16 January 2010

San Francisco Exhibit Turns Jewelry On Its Ear

Mercury News

If your thoughts on jewelry go no further than the ring on your finger or the bling in your ear, a new exhibit at the San Francisco Museum of Craft + Design could change your perception of what jewelry is.

Gathering 80 works by more than 50 internationally recognized industrial and jewelry designers, "Designers on Jewelry: Twelve Years of Jewelry Production by Chi ha paura...?" takes an interesting look at the work of people redefining personal adornment.

That San Francisco is the first — and only — U.S. city to attract the Chi ha paura...? show demonstrates that the Bay Area has become a magnet for big-name jewelry exhibitions. In the last year, the glittering creations of Tiffany & Co., Lalique, Faberge and Cartier have graced San Francisco museums. But the work in "Designers on Jewelry" moves beyond jewelry as status symbol, purely aesthetic object or unattainable luxury. This is work where concept trumps materials.

The day I visited the Museum of Craft + Design, the exhibit's installation was overseen by influential Dutch designer Gijs Bakker. A lanky man with silver hair and funky glasses, Bakker was at the forefront of New Jewelry, a late 20th-century movement which focused on innovative forms of wearable self-expression.

Along with other designers, including his late wife, Emmy van Leersum, Bakker viewed jewelry as a form of communication intrinsically related to the body. It could be decorative and functional, unique and democratic
and made from unconventional materials such as aluminum, paper and PVC. Most important, jewelry could be intelligent and well-designed and created with the assistance of new technologies — or even mass produced. No longer was it the exclusive realm of gold- and silversmiths hunched over their work benches.

Those ideals led Bakker in 1996 to establish the Netherlands-based Chi ha paura...? Foundation, which tapped everyone from furniture and industrial designers to contribute to a core collection of 41 limited production pieces.

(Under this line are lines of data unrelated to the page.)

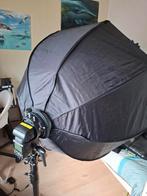 Zeer complete Stobistset..  Godox en nikon, Audio, Tv en Foto, Fotografie | Flitsers, Ophalen, Zo goed als nieuw, Nikon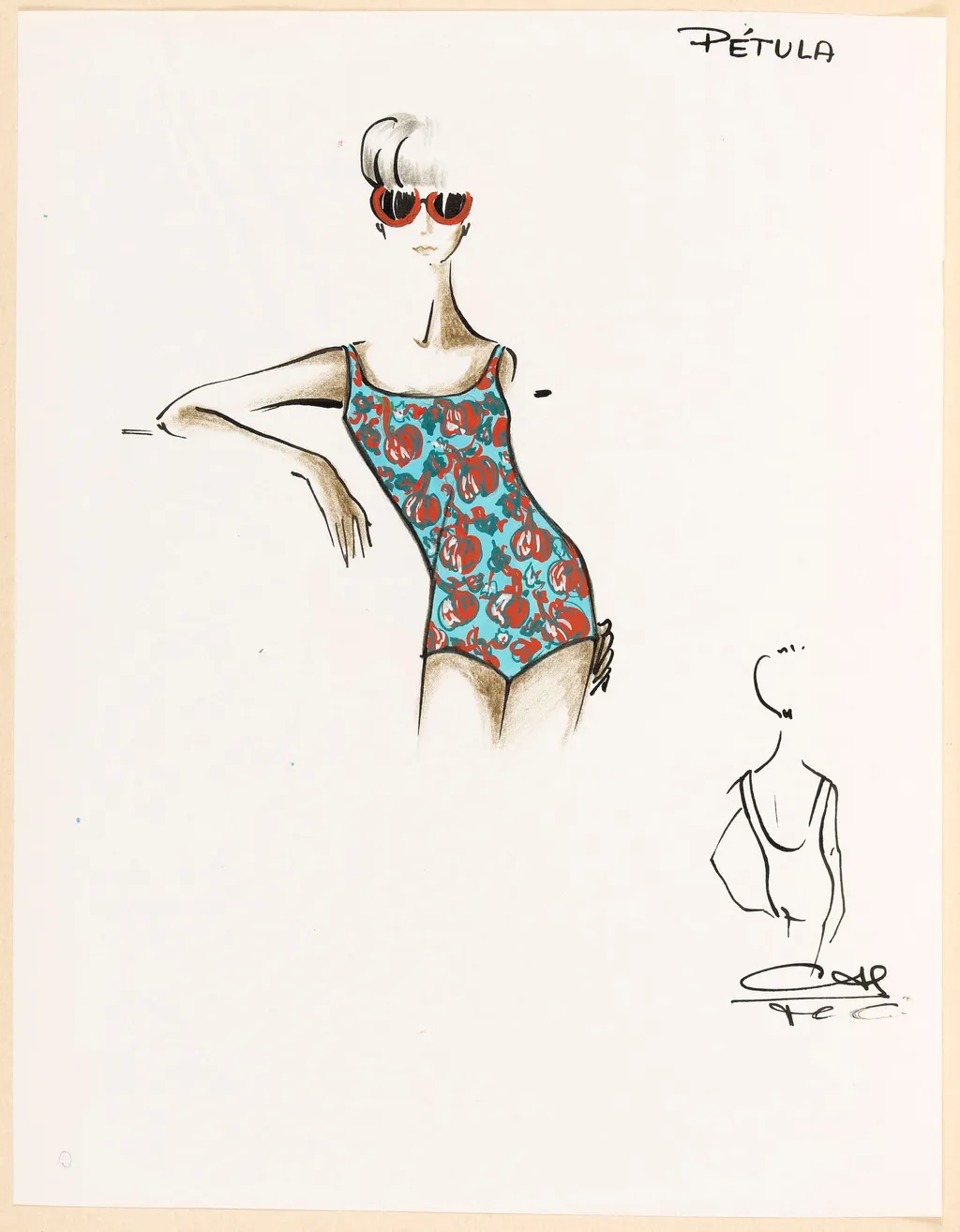 Pétula, by Carven, 1964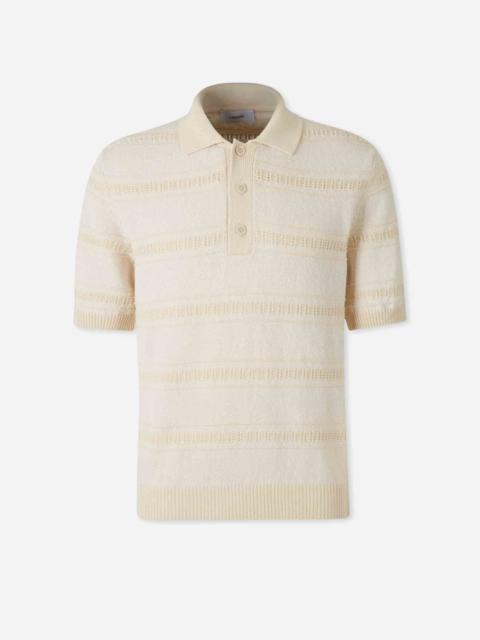 LARDINI SHORT-SLEEVE POLO SHIRT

Since 2002, Chi ha paura...? — Italian for "Who is afraid?" — has assembled three themed exhibitions, all of which are featured in the show.

The exhibit opens with "Rituals," which gathers work from a 2007 show examining the personal and societal meanings of adornment. Next is a selection of works from the core collection. CHP's second themed exhibit, "What's Luxury," asks about ideas and definitions of opulence, and is followed by "Sense of Wonder."


I spent most of my time in "Luxury," which houses 17 pieces in cheeky display cases decorated with pixilated images of ornate jewelry boxes. I appreciated the tongue-in-cheek humor in works such as Marc Monzo's "Diamond Brooch," a large, flat sterling silver pin that places a twist on the traditional sparkling ring. Ramon Middlekoop's gold-plated stainless steel tie pins are shaped like forks and can be used as utensils in an emergency or "to keep your fingers clean." Their title is "Gold Digger."

[ Photo: Dolphin Jewelry ]
The most luxurious item was Marko Macura's wrap necklaces made from humble silicone and polyurethane. Equipped with ear plugs at either end, "Echo" proposes that a moment of silence may be today's ultimate luxury.

But I'm most excited by "Rituals," which greets viewers at the museum's entrance.

This body of work, first exhibited in Milan in 2007, contains the output of designers asked to think about societal rituals and even fashion new ones. Designer Ted Noten created "Wedding Pills," a pair of golden capsules designed to replace traditional rings. Meant to be swallowed, retrieving them — or not — is entirely up you.

Frank Tjepkema's "Heartbreak," a porcelain, rubber and titanium necklace, combines a tiny hammer and heart. Wearers can smash the heart or simply watch as miniature fractures form. The most arresting piece — also available for purchase in the museum store — is Katja Prins' "Bound by Blood," a wood neckpiece

composed of prayer necklaces whose crimson color symbolizes both mutual bonds and blood shed "in the name of religion."

That you can purchase this editioned piece demonstrates CHP's democratic philosophy that jewelry be readily available and accessible, if not affordable. The pieces I handled, which included Charles Marks' architectural stainless steel "Triadic bracelet" and Bakker's sleek nylon "Shot" bracelet, were priced between $79 and $295.

I inquired about "Bound by Blood," but the museum staffer couldn't locate a sticker. I didn't press. For me, it's the idea behind the piece that is priceless.